As already stated above, doctrines versionable
does something similiar.
Option B: have a central change log table
preface: bad practice, shown for illustration of the alternative only.
This approach does heavily rely on application logic, which should be hidden in a data layer / model.
You have a central history table that keeps track on
- Who did
- when
- modify, insert or delete
- what data
- in which field
- of which table
Like in the other approach, you may also want to track which individual data changes belong to a single user action / transaction and in which order.
Benefits:
- no need to keep in sync with the original table when adding fields to a table or creating a new table. it scales transparently.
Merits:
- bad practice using a simple value = key store in database
- bad search performance, because of implicit type conversions
- may slowdown overall performance of the application/database, when the central history table becomes a bottleneck because of write locks (this only applies for specific engines with table locks, i.e. MyISAM)

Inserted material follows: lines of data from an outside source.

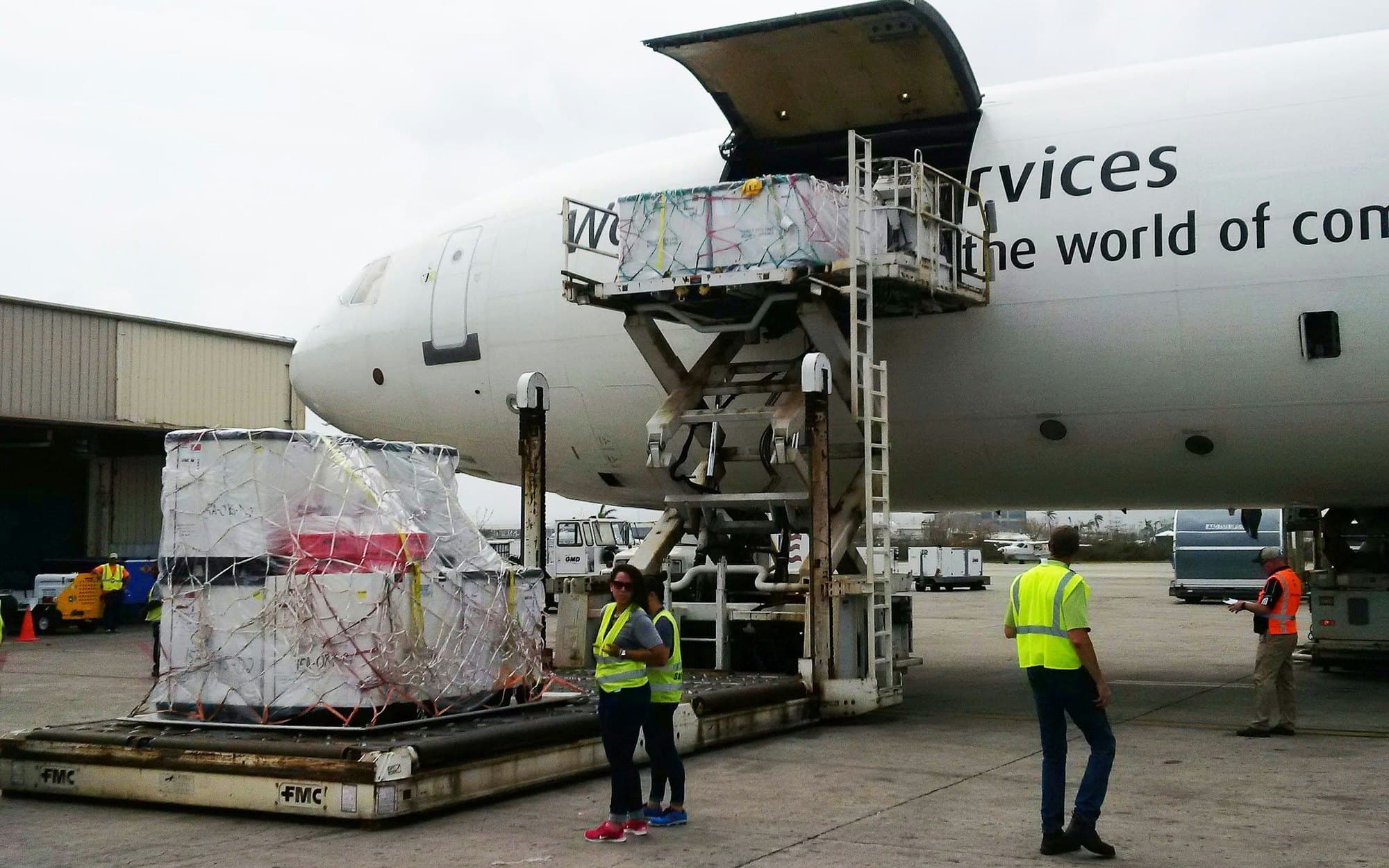 Ground crew loading pallets onto a wide-body cargo freighter via a scissor lift — air cargo handling and documentation training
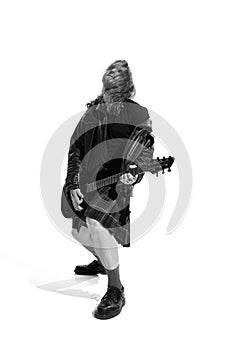 Portrait of expressive young man with long hair, rock musician playing guitar over white background. Black and white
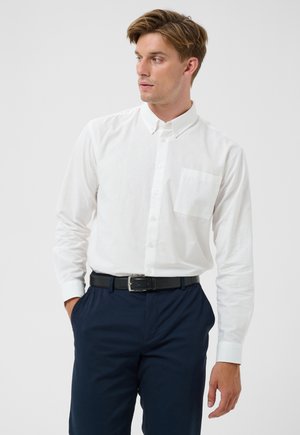 Hombre con camisa blanca abotonada con un bolsillo en el pecho, metida dentro de pantalones azul oscuro con cinturón negro, mirando hacia su izquierda.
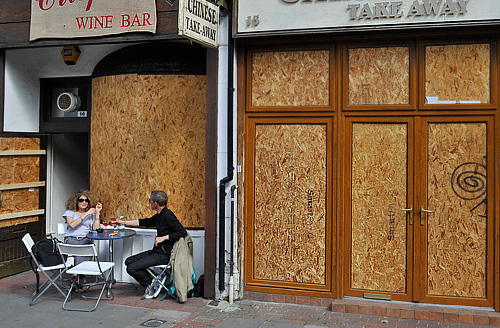 Посетители винного бара в западной части Лондона. Множество магазинов, баров и прочих подобных заведений теперь защищают свои витрины специальными щитами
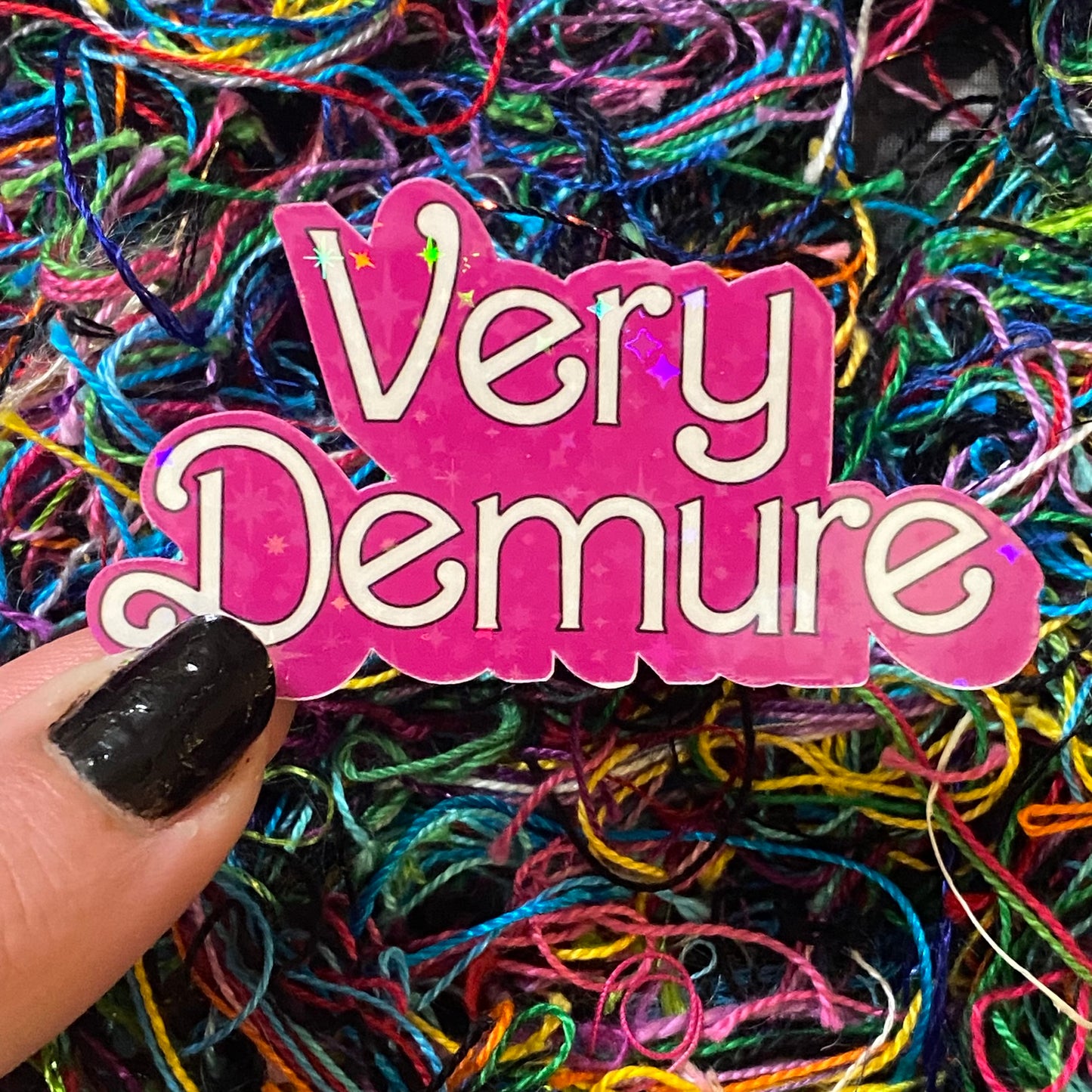 Demure Sticker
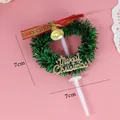 Decoración mini para tartas corona de Navidad 7cm con lazo rojo y cascabel dorado - Guirnalda Lazo Letra / Paquete de 10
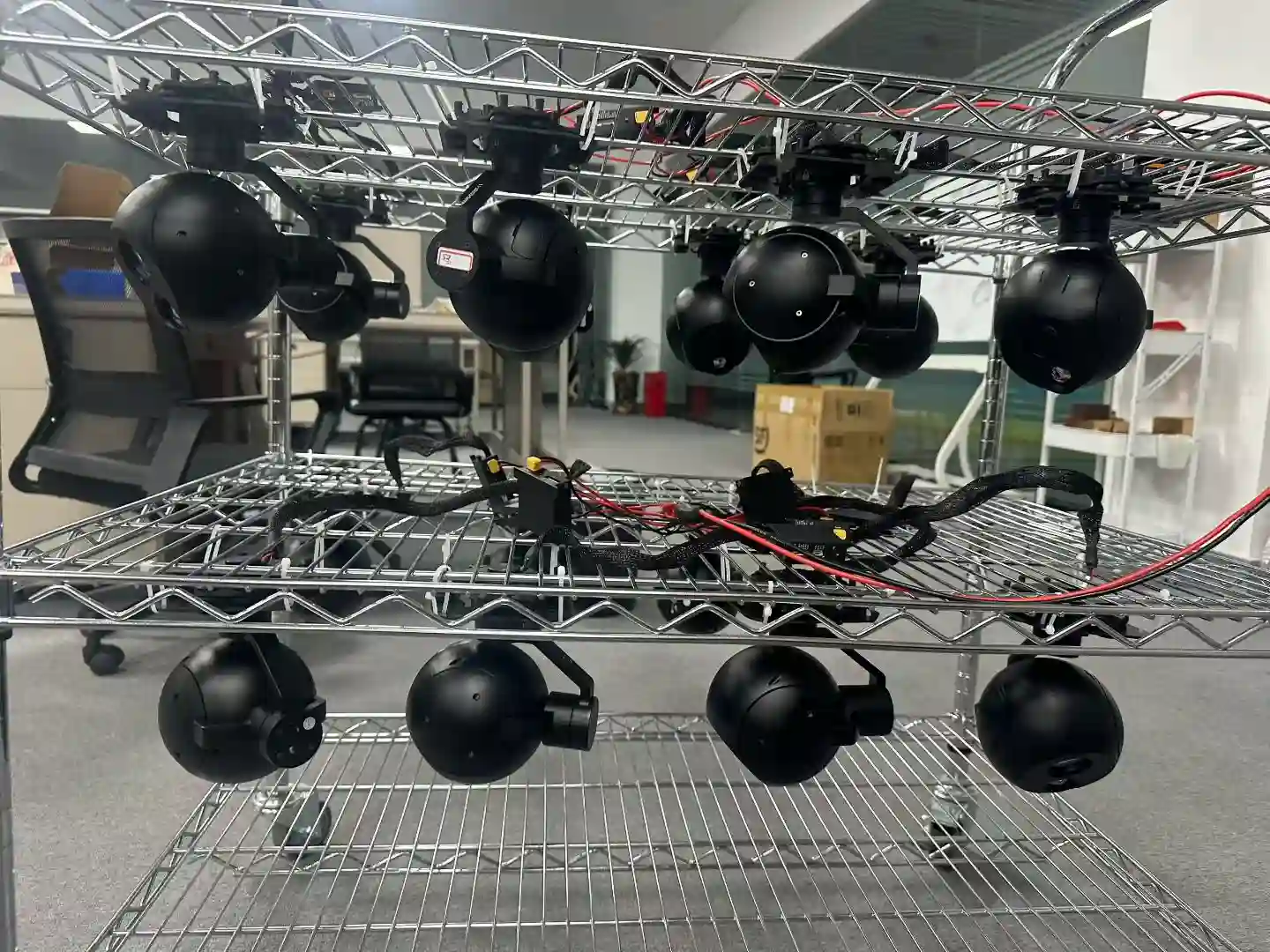 Gimbal camera payload heads mounted on the calibration and stabilisation test rack at the HITS factory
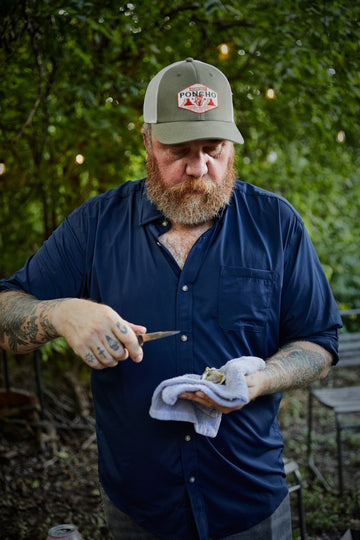 Bearded man in a navy shirt and Poncho Outdoors cap wipes a small tool with a cloth outdoors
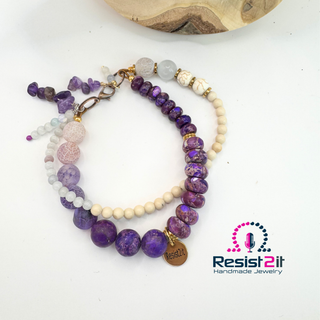 Mixed Feelings double gemstone bracelet with deep purple jasper and soft white agate stones, featuring the Resist2it gold charm — Jewelry by Jules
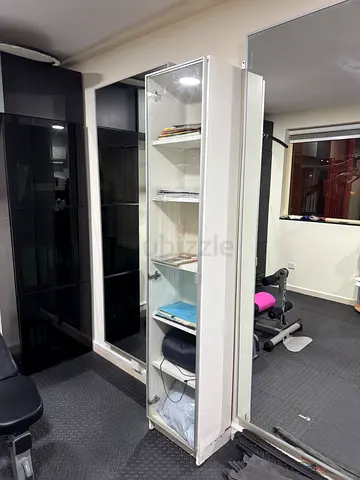 Two Ikea tall White glass display cabinet with shelves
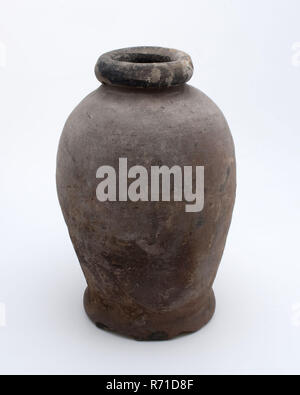 Pottery pot on stand, baluster shape, used in the sugar industry, sugar bowl pot holder soil find ceramic earthenware glaze lead glaze, hand turned glazed baked Pottery pot on stand. Baluster shape with round shoulder and narrow neck opening. Thick and round neckline. Smooth finished. Red shard and internally glazed dark glaze. Hard baked. Here sugar cones were made archeology indigenous earthenware sugar confectionery sugar industry Stock Photo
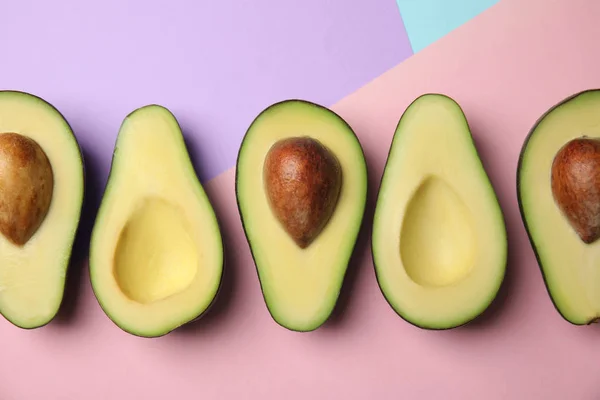 Snijd verse rijpe avocado's op kleur achtergrond, platte lay — Stockfoto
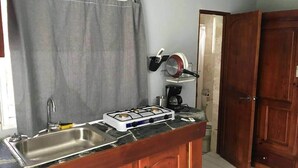 A compact kitchen with a gas stove, sink, and wooden cabinets. - Relaxing Beachfront Apartment steps to the beach (las pascualas)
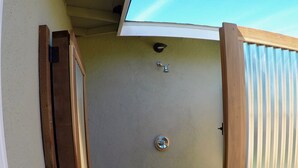 Eine Holzterrasse mit Metallgeländer, einer Tür und einem kleinen Fenster.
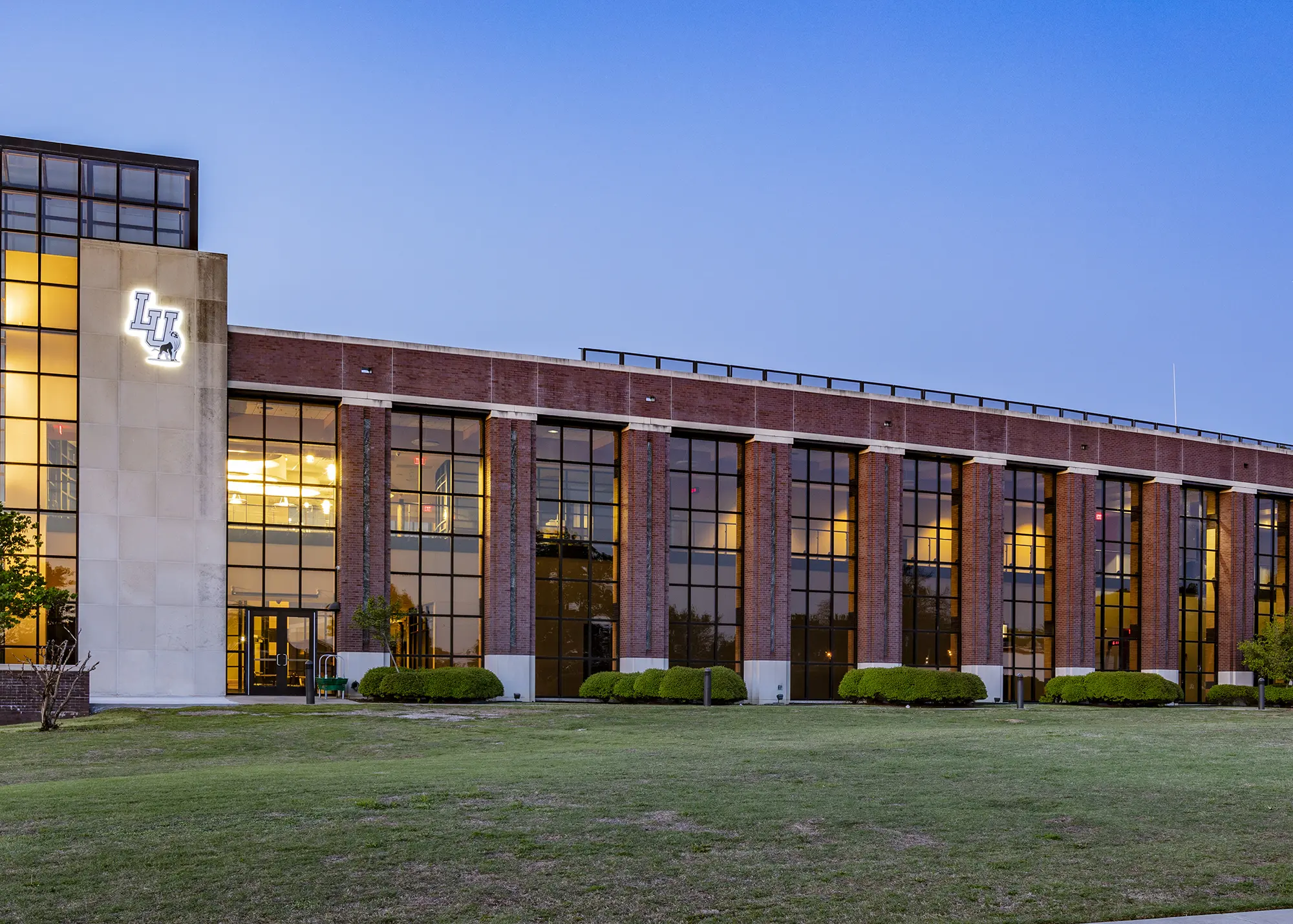 Red brick building with large reflective windows, illuminated warmly from within at dusk. A lighted logo is on the left. Calm and welcoming ambiance.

- It's much harder to implement rollbacks
- possible data conversion errors / precision loss because of implicit type conversion
- doesn't keep track of changes when you directly access the database somewhere in your code instead of using your model / data layer and forget that in this case you must write to the revision log manually. May be a big issue when working in a team with other programmers.
Conclusion:
- Option B can be very handy for small apps as a simple "drop in" when its just for logging changes.
- If you want to go back in time and be able to easily compare the differences between historic revison 123 to revision 125 and/or revert to the old data, then Option A is the hard way to go.